5) Most leasing companies will charge something called an “Interim Rent” this is the difference between the time the machine is installed and the first bill is sent to you, it only happen once but it does happen.
6) It is your responsibility to make sure the machine is working properly and nothing is broken at the time of return.
7) If you enter an all inclusive lease and the company (service provider goes out of business) its your loss,very few times in my 27 years have I seen a company getting recourse. Phil has said from the beginning, NEVER ENTER A 5 YEARS LEASE!, To me, this is just crazy.

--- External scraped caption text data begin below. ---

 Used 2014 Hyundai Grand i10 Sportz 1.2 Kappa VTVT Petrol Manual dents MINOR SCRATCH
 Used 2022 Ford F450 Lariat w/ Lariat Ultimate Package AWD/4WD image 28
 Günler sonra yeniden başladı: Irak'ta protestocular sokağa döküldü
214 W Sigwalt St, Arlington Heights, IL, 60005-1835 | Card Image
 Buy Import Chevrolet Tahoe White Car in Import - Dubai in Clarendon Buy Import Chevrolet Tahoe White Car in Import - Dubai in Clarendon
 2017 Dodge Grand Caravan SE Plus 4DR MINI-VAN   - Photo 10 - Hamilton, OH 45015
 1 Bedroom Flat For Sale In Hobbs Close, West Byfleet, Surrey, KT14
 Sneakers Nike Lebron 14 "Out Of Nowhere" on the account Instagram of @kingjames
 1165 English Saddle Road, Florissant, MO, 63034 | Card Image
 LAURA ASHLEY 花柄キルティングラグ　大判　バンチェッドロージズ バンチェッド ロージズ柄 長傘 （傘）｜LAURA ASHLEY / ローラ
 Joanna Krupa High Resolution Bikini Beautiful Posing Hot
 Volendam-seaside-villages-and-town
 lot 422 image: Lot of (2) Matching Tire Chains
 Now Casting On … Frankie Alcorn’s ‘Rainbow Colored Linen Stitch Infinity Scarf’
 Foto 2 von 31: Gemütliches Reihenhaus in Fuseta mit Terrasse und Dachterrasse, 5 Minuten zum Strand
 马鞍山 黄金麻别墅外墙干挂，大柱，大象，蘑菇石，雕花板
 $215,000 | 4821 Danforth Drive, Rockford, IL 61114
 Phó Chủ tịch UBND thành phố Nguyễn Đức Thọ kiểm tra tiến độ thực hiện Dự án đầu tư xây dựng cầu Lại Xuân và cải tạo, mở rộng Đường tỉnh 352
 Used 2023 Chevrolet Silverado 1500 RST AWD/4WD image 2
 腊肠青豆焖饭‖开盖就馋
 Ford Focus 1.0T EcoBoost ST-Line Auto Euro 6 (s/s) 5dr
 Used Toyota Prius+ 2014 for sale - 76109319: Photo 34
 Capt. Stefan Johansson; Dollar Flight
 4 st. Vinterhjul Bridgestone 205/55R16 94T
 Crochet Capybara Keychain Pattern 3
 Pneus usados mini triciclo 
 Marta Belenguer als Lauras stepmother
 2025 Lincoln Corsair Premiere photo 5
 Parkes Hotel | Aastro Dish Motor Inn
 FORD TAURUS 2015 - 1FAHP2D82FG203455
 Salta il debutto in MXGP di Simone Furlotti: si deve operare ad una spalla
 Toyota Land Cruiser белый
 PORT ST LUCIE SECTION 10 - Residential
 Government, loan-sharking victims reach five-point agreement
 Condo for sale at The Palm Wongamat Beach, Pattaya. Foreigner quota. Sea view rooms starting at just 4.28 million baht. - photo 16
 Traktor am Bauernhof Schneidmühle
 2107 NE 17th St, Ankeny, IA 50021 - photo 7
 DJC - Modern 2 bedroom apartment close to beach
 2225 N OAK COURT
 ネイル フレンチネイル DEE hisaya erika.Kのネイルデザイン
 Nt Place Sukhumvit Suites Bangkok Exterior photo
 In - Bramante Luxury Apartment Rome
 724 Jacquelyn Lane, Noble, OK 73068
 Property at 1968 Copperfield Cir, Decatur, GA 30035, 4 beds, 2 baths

If you cant afford or do not want 3 year buyout then go with 3 years FMV lease.
8a) Once you have leased a copier, that machine must stay at the location that is on the lease agreement, if you move the machine to another address, you must notify the leasing company so they can make the change.
8b) Lets say you have leased a copier from a company and the machine had issues that could not be resolved and lets say the copier company that you are using removed that machine and gave you another, YOU are still responsible for the machine THEY removed! that machine with that serial number is due back to the leasing company, they DO NOT want any other machine but the one on the original “lease agreement”.
Types of leases:
A FMV lease is Fair Market Value, which means and the end of the lease the machine goes back or you may purchase it a fair market value, this is the cheapest way to go.
A dollar buy out lease is a lease (typically a little higher a month then a FMV) but when the lease is over, you buy the machine for $1.00, no catches it is Black & White.
Some companies have to get the latest and greatest machine every three years and money is not an issue, for this customer a FMV lease works out well, three years and out the door.
For the frugal customer, the one who closely watches expenses and is fiscally responsible, the $1.00 Buy out lease is very good, after three years you own the machine and if you were picked a good model machine, there is no reason why the machine can not last 7 years. Trust me it works out in your favor this way, just do the math.